“[…] students are taught that third-person statements are unbiased (objective) and those in the first person are biased (subjective). […] Delete “I believe” from “racism is on the rise in this country” or “racism has virtually disappeared in this country,” and [they’re taught that] the assertion assumes a reality independent of the writer, who is no longer the author but merely the messenger of news or fact.”
-Linda Brodkey, “Writing on the Bias”
When I started writing, I put “I think” or “I believe” before the first-ish claim in almost any discussion. Later I stopped: “If it’s in your writing, then of course it’s your belief. You don’t need to say that,” I thought. Although that doesn’t sound like a thought: it sounds like a rule someone told me.
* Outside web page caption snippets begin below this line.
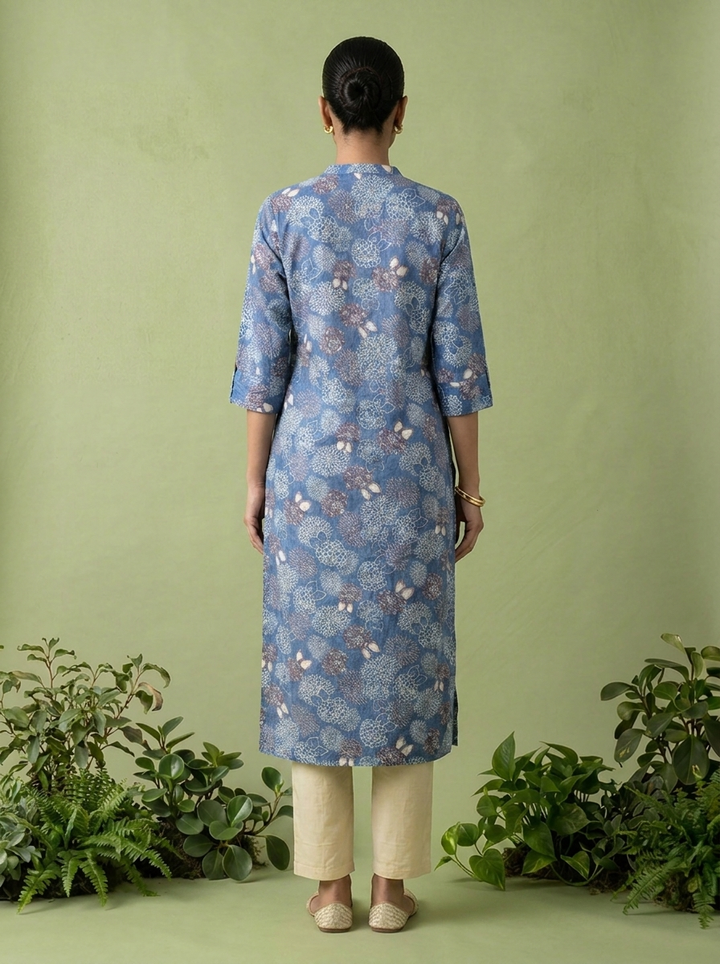 Blue Cotton Patch Embroidered And Printed Kurta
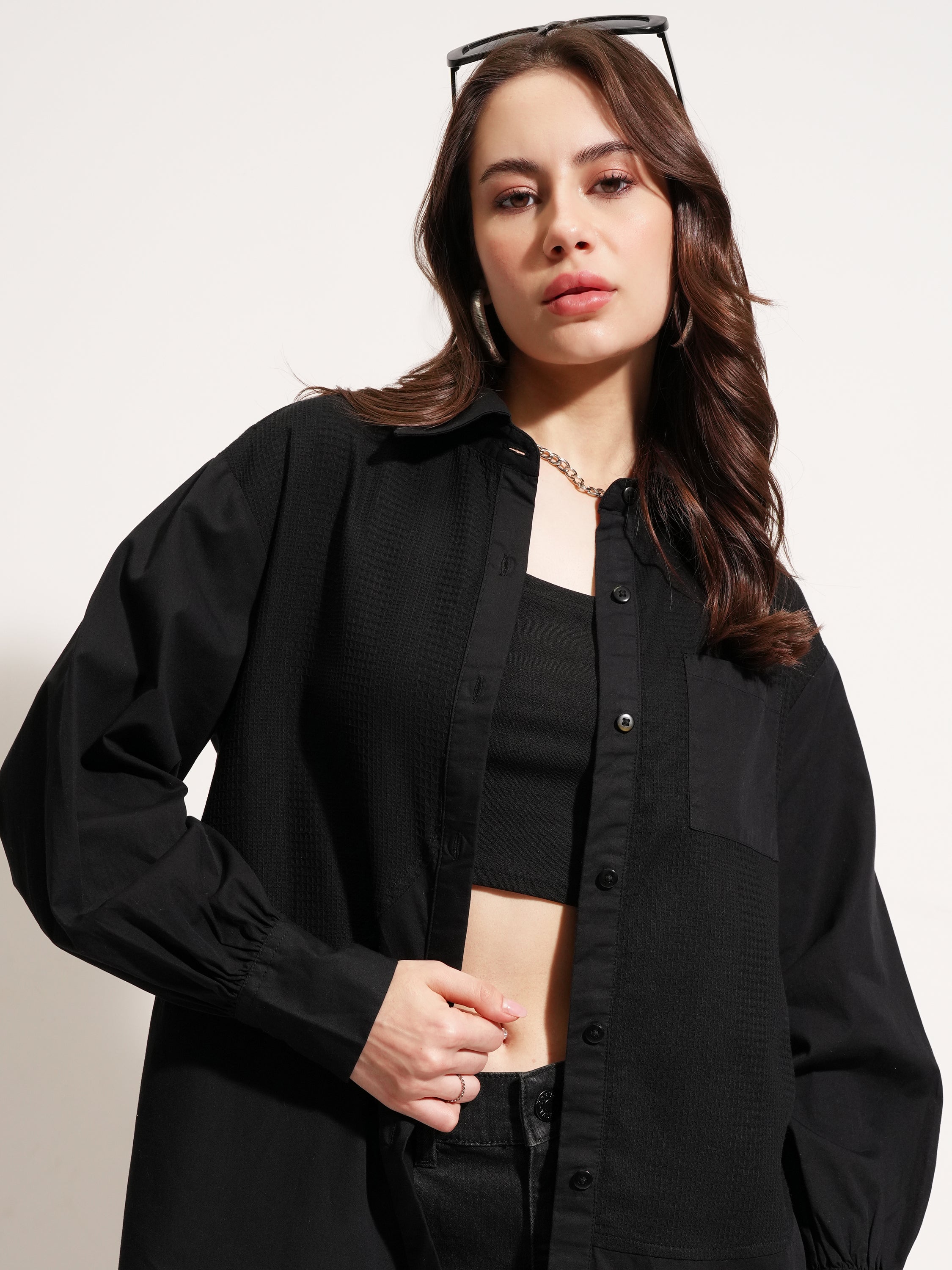Tokyo Talkies Women Black Solid Casual Shirt - Black - Image 1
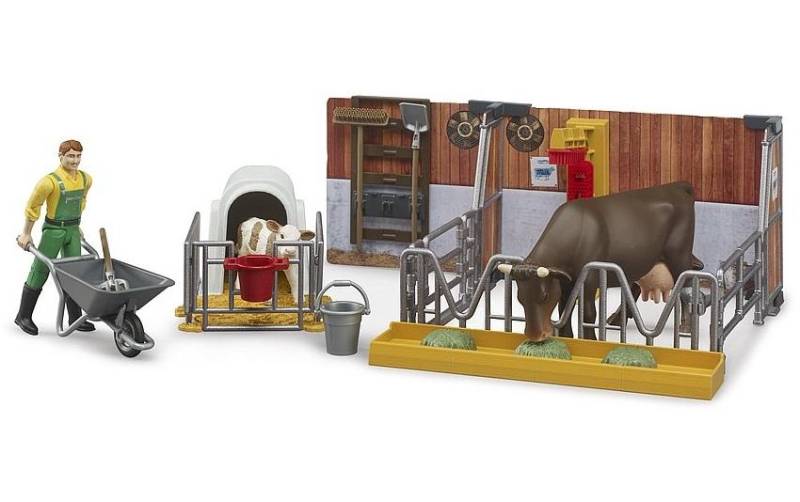 Bruder® Spielwelt »Kälberstall mit Landwirt« von Bruder®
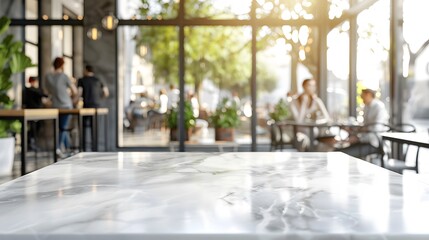 Clean white marble table top in a modern cafe, with a blurred glass window view of people passing by, creating a dynamic and lively atmosphere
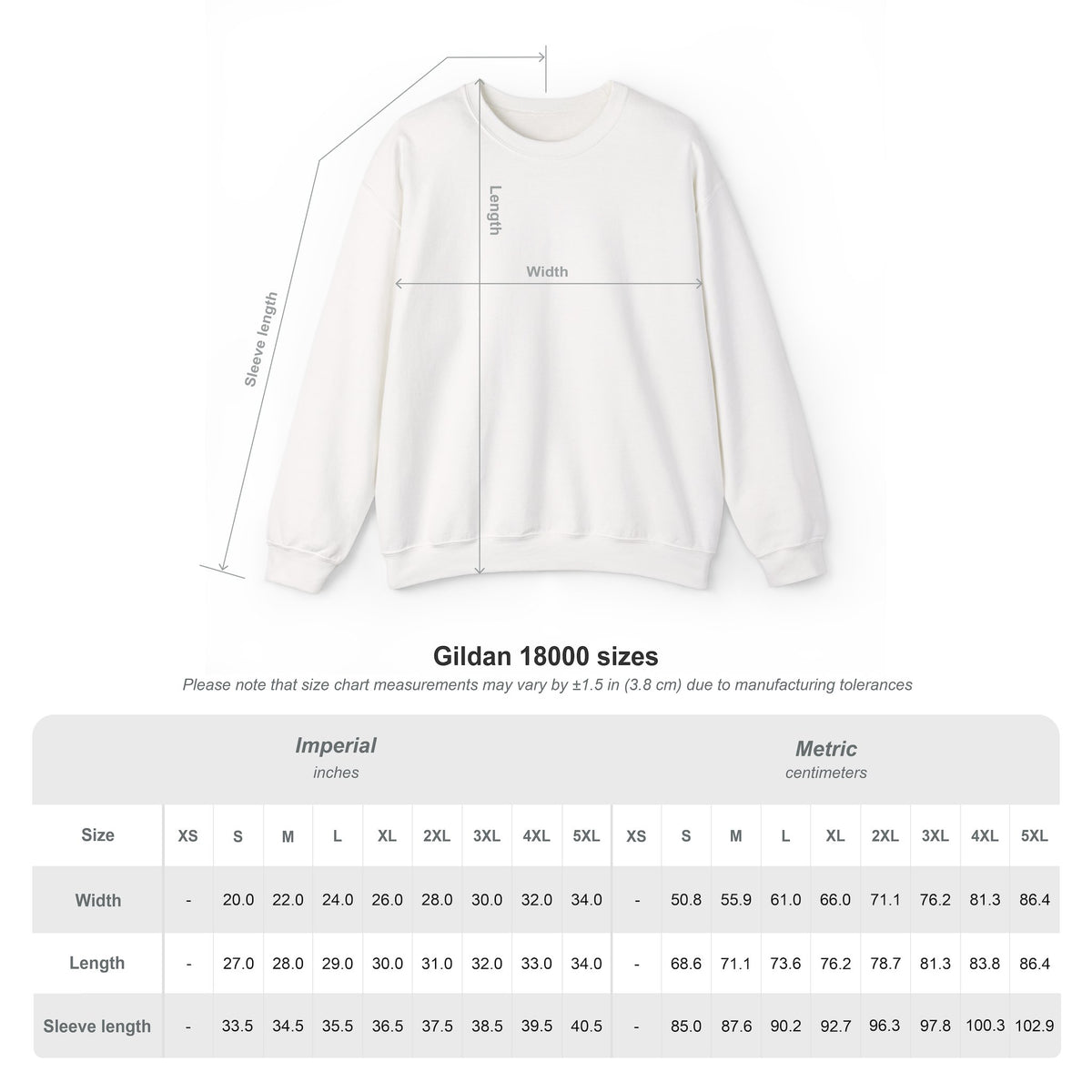 Gildan 18000 adult crewneck sweatshirt size chart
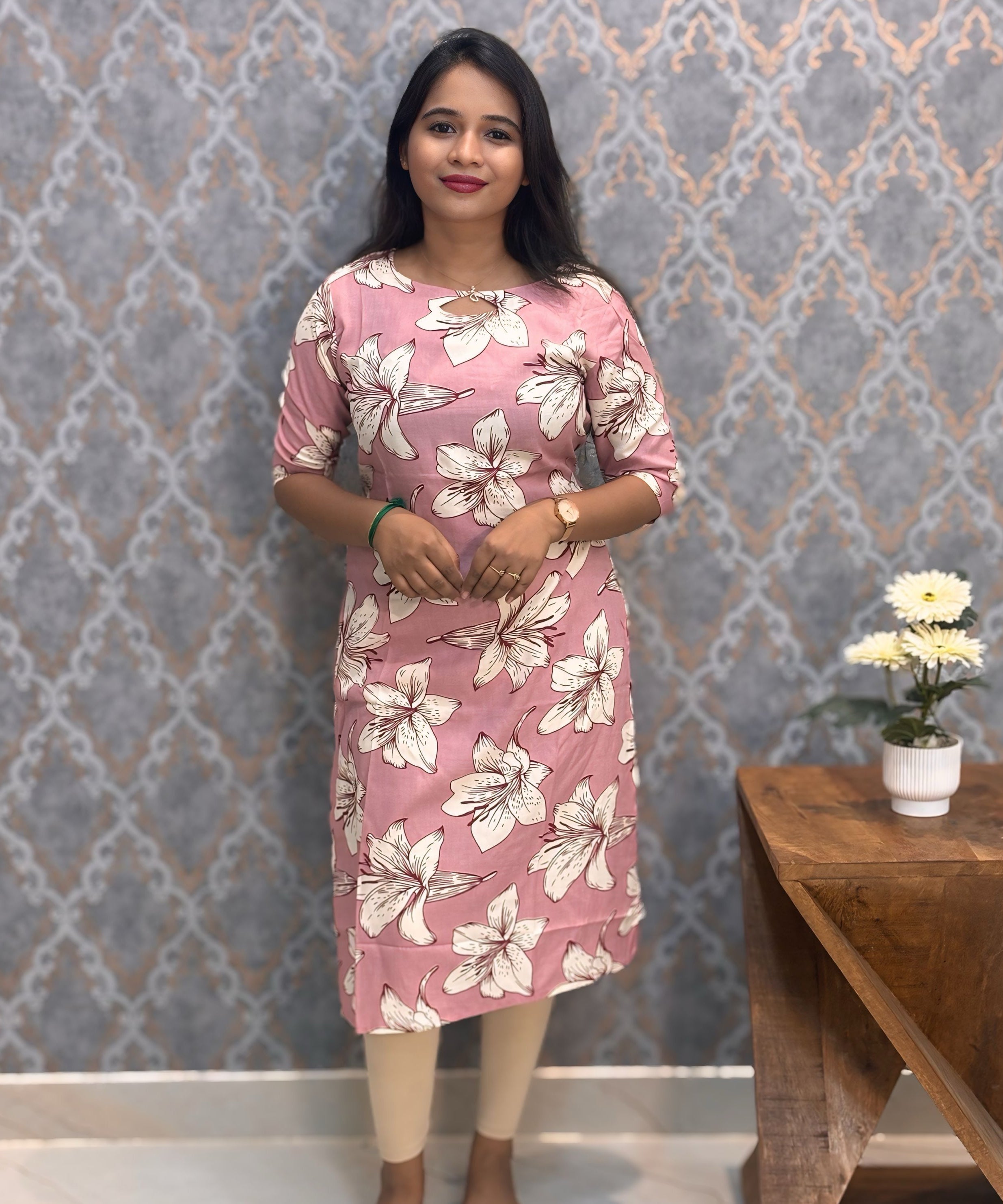 Dusty Rose Pink Color Rayon Kurti with Pocket / LSS209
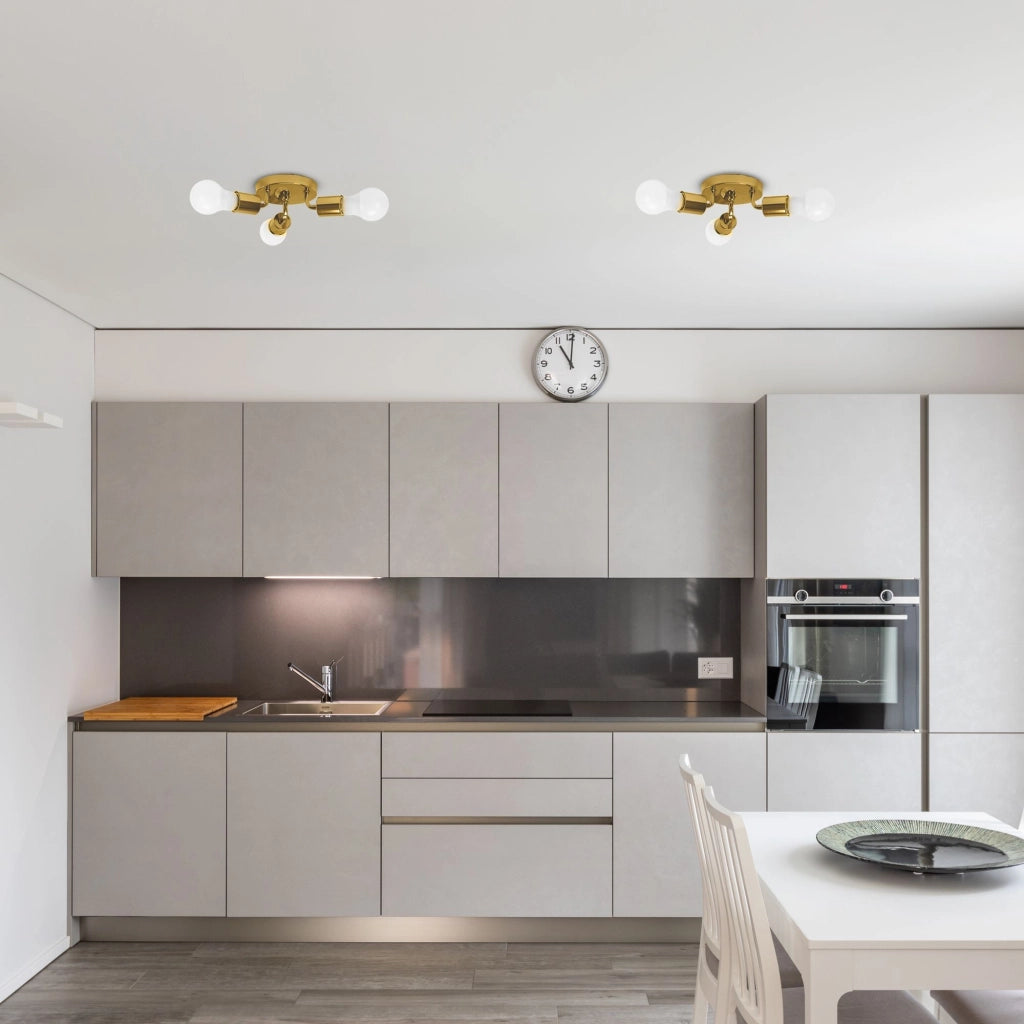 Lampada Da Soffitto Triplo Plafoniere Metallico Gold APP704-3C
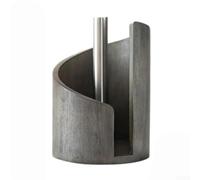 Support de papier essuie-tout en bois avec base ronde pour cuisine (D est | Tige en métal solide, structure stable, complète les comptoirs en bois, options marron, noir, gris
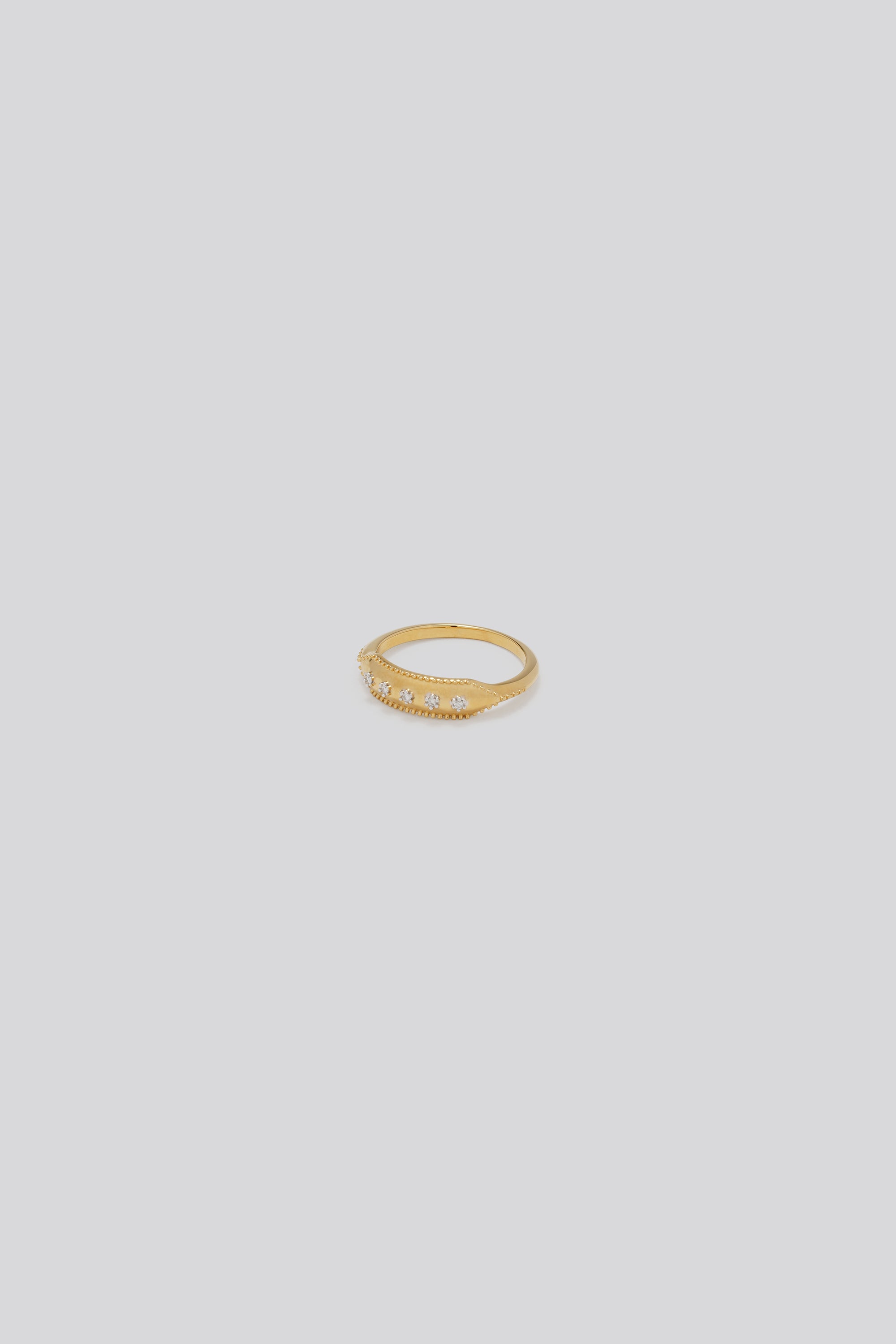 Milgrain Signet ring｜GOLD×Diamond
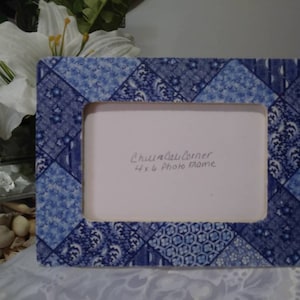 Farmhouse Country Living Quilt Patchwork Wood Decoupage Photo Frames 4x6 Photo Picture Frame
I just can’t remember who said it. It might even have been me, to a student; if so, oops, and I’m very, very sorry.
Reading Brodkey, I realize what young me was instinctively doing: not telling the reader that this was my claim, as opposed, you know, to some other person’s claim sneakily camped out in my head, but reminding myself that I was sharing my perception. Clarity, argues Brodkey, doesn’t come from not having a perspective. It doesn’t come from cutting out “I think” and pretending that your thought now has no you in it. It comes from being aware of your perspective, and considering it, making adjustments for it, and being willing to challenge it.
Once I start examining it, my perspective is always incomplete, and sometimes it’s not even mine. Other people’s claims make it into my thinking (and writing) all the time. When I was twelve I told my older brother that tortillas were originally toys, not food: they were like frisbees. I’d read that on the back of a restaurant menu. The subtext I missed wasn’t “I [the writer] believe that,” it was more “We pretend, because it’s funny, while you’re waiting for your burrito, that,” but in the end I still accepted the statement as “objective truth” because it seemed to be written as a blurb about history, and I thought that’s what it was. It isn’t the only weird claim I’ve found, nestled away in my head, though it’s the only one with salsa on it and right now I’m a little hungry.
My brother laughed at me, by the way. Which might be what should happen when we go about touting our perceptions as authorless news. If I’d said, “I think burritos started as toys,” even young me might’ve asked, “Wait a minute, that sounds strange, why do I think that?” I might’ve been more aware of the viewpoint I’d taken up, and then asked how I came to that viewpoint, and then asked a few more interesting questions. “I think” isn’t just a tag for the reader, and it’s not just a stylistic choice. It’s a reminder for the writer. For the thinker. If it’s in your language, it says, you’ve already translated it for yourself. What has that translation done, and what might you be missing?